Apart from this primary function, I contribute to my organization’s Sexual and Reproductive Health programmes by participating in community dialogues and organizational development trainings aimed at strengthening the capacity of indigenous non-governmental and community based organizations in Nigeria.

As I have a background as a trained Peer Educator, I dedicate my spare time mentoring young people and actively mobilize them for existing and potential opportunities.

A typical work day for me starts by mapping out my “to-do” list for the day and discussing the day’s plans with my supervisor. My day usually involves a series of routine oversight activities which include unscheduled visit to sub-recipients, random selection of health facilities to visit for price intelligence and on the spot data quality mentoring, data quality audits with sub-recipients, advocacy to religious/community leaders, governmental agencies and healthcare providers’ associations as well as monitoring of community mobilization activities. The day may include an attendance of the Roll Back Malaria Partners’ Meeting in one of the states I oversee or coordination of a training activity targeting healthcare providers. My work day ultimately ends with a review of the day’s activities.

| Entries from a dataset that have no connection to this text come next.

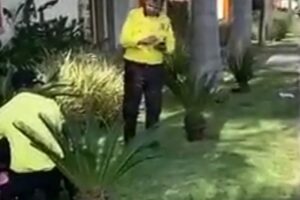 Agentes de trânsito segurando um motociclista no chão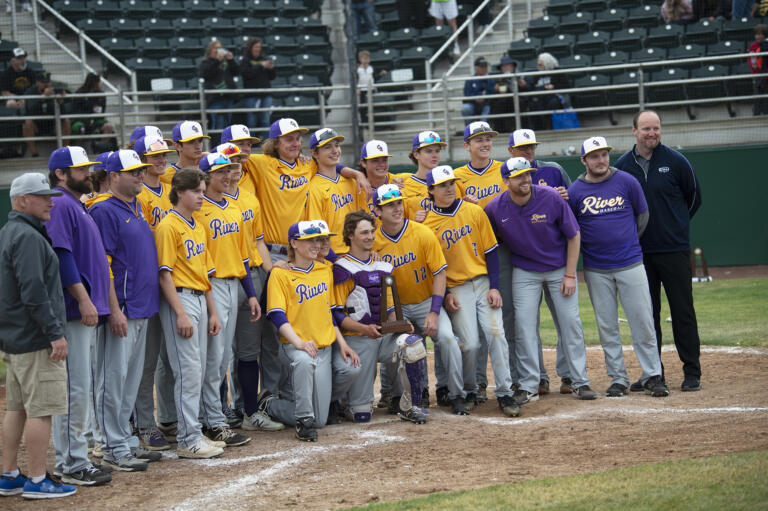 The Columbia River baseball team poses with the second place trophy after the Rapids' 1-0 loss to Tumwater in the Class 2A state championship baseball team in Yakima on Saturday, May 28, 2022.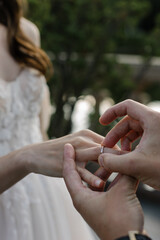 Obraz na płótnie Canvas Closeup of groom placing wedding ring on brides hand.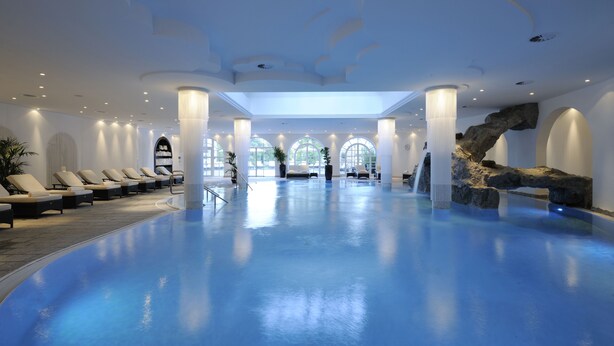 Une piscine intérieure spacieuse, dotée de chaises longues et d’un espace de détente central.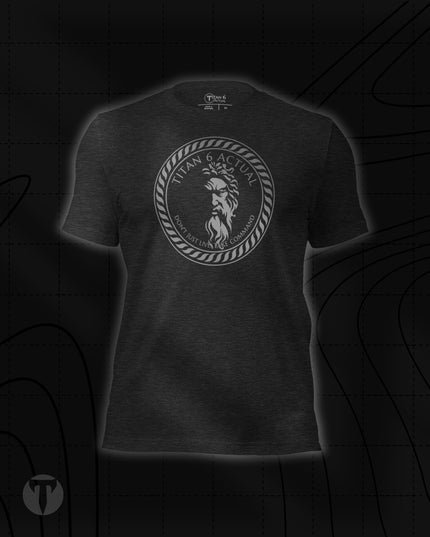 Titan 6 Unisex Nomad Tee in Dark Grey Heather, featuring a circular silver Zeus emblem centered on the chest.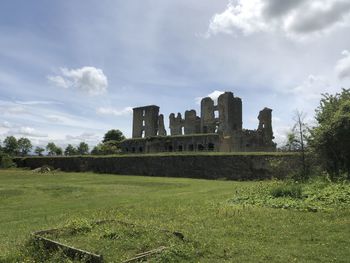 Old ruin building on field against sky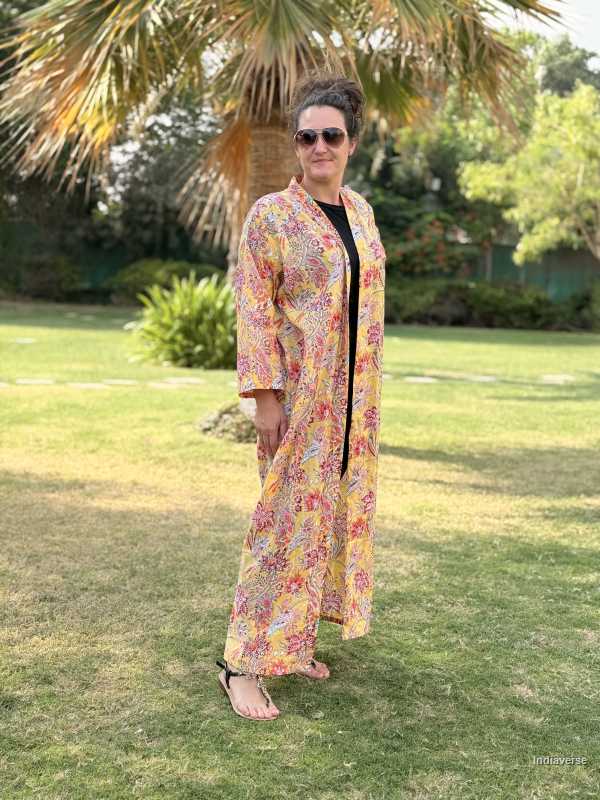 Woman wearing a colorful floral dress standing on grass with trees in the background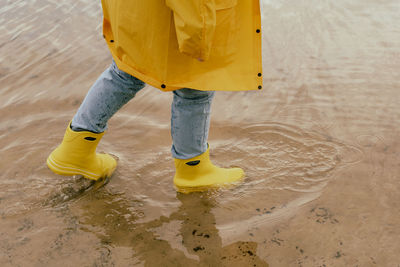 Cheerful young woman in a yellow raincoat and yellow boots steps into the lake with her foot. person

Being at ICASA 2011 gave me the opportunity to share my experience with other participants and learn from them. I took maximum advantage of the high quality skills building sessions at the conference by making sure I attended at least one skills building session daily. I made very useful contacts I wouldn’t have made if I wasn’t at the conference and I had a ritual of not ending the day without visiting the Community Village, the IAS Booth and the Condomize Zone as I took special interest in activities holding in those centres. I was particularly elated to have been successful at mobilizing new members for the IAS. Finally, I ensured I had time to discover a little of the city of Addis Ababa…the aroma of the rich coffee, the flavours of local cuisine and the beautiful sights are still fresh in my memory.